Precise Subtyping for Asynchronous Multiparty Sessions

TL;DR

This paper formalizes a precise subtyping relation for asynchronous multiparty sessions, ensuring safe process replacement and capturing complex message permutations, with a novel session decomposition technique.

Contribution

It introduces the first formalization of precise subtyping for asynchronous multiparty sessions, including a novel session decomposition method for complex message permutations.

Findings

Subtyping relation is sound and complete for asynchronous multiparty sessions.

Developed a session decomposition technique transforming full session types into single input/output trees.

Proved the subtyping relation is both operationally and denotationally precise.

Abstract

This paper presents the first formalisation of the precise subtyping relation for asynchronous multiparty sessions. We show that our subtyping relation is sound (i.e., guarantees safe process replacement) and also complete: any extension of the relation is unsound.

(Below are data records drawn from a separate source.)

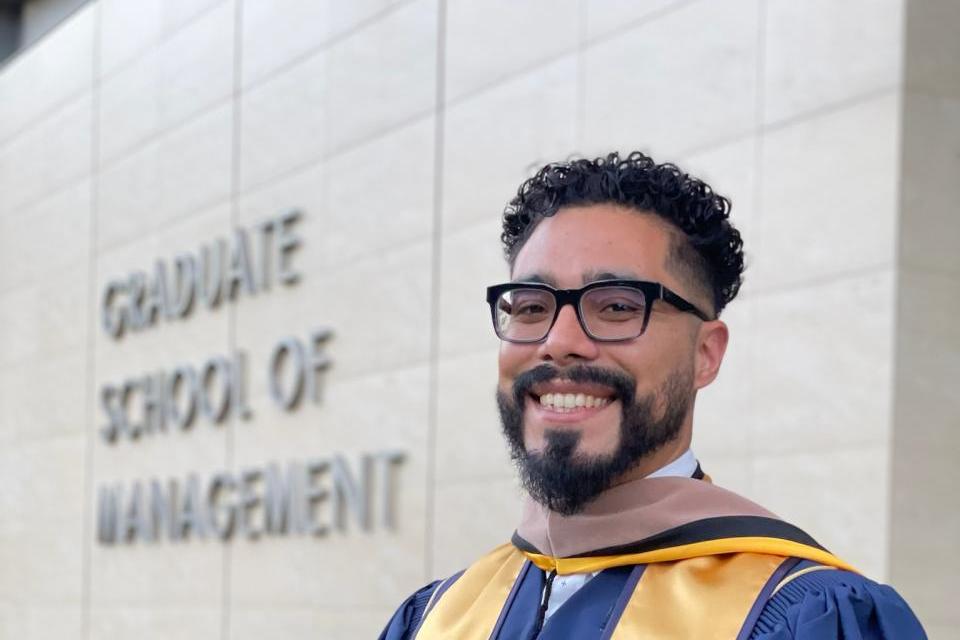 Antonio Hurtado standing in front of Gallagher Hall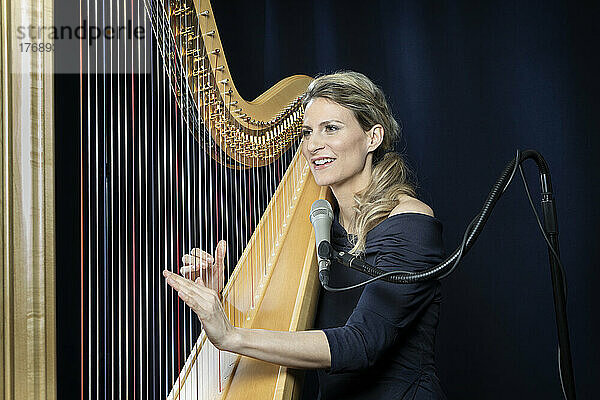 Lächelnde reife Frau spielt Harfe vor schwarzem Hintergrund
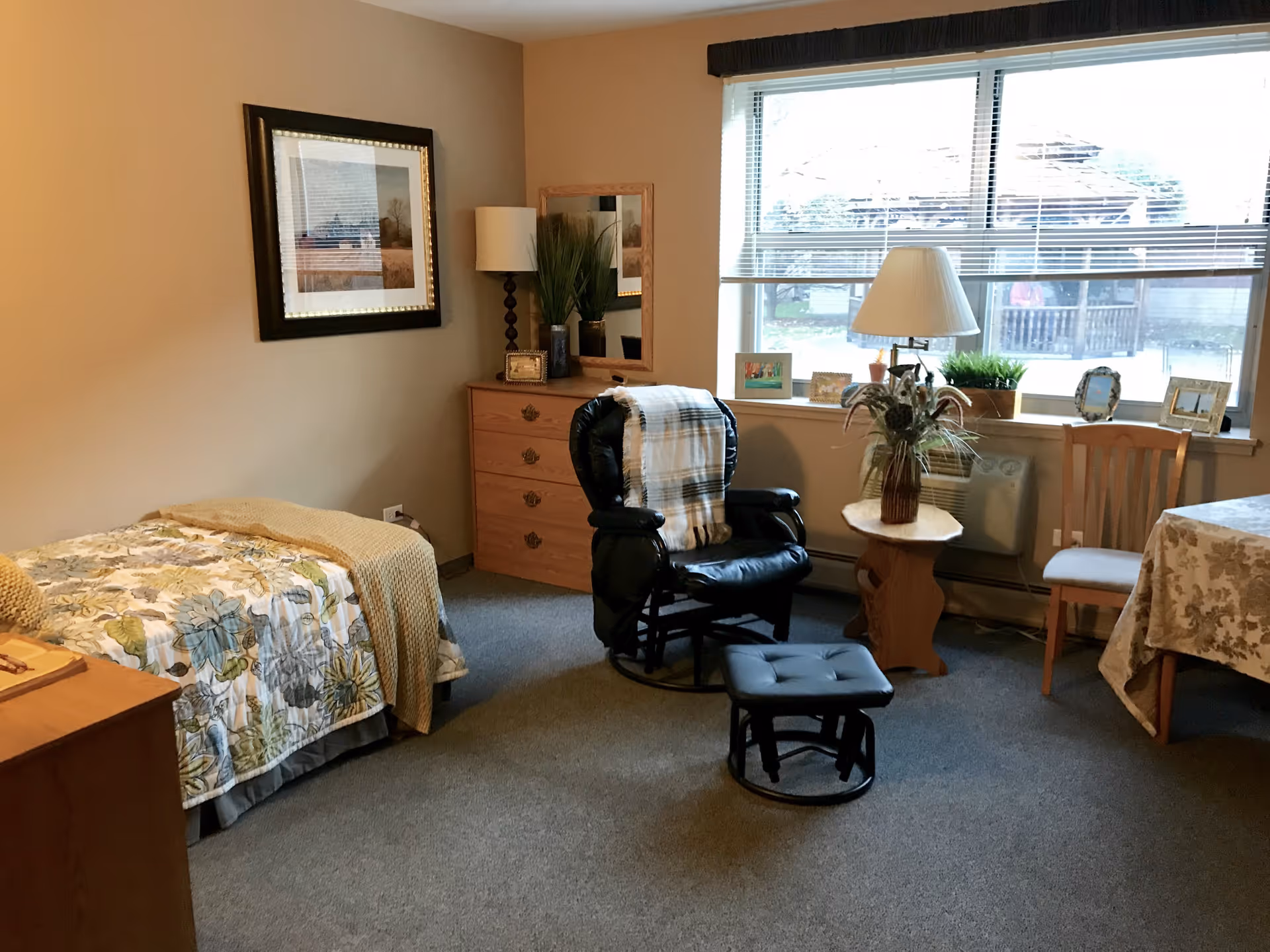 A cozy senior living bedroom with a single bed covered in a floral bedspread and a yellow blanket. There is a wooden dresser with a lamp and decorative items, a black leather rocking chair with a matching footrest and a plaid throw, a small wooden side table with a lamp and a vase of flowers, and a wooden chair next to a table covered with a floral tablecloth. A large window with blinds lets in natural light, and framed pictures are displayed on the windowsill and wall.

To achieve our results, we develop a novel session decomposition technique, from full session types (including internal/external choices) into single input/output session trees (without choices). Previous work studies precise subtyping for binary sessions (with just two participants), or multiparty sessions (with any number of participants) and synchronous interaction. Here, we cover multiparty sessions with asynchronous interaction, where messages are transmitted via FIFO queues (as in the TCP/IP protocol), and prove that our subtyping is both operationally and denotationally precise. In the asynchronous multiparty setting, finding the precise subtyping relation is a highly complex task: this is because, under some conditions, participants can permute the order of their inputs and outputs, by sending some messages earlier or receiving some later, without causing errors; the precise subtyping relation must capture all such valid permutations -- and consequently, its formalisation, reasoning and proofs become challenging. Our session decomposition technique overcomes this complexity, expressing the subtyping relation as a composition of refinement relations between single input/output trees, and providing a simple reasoning principle for asynchronous message optimisations.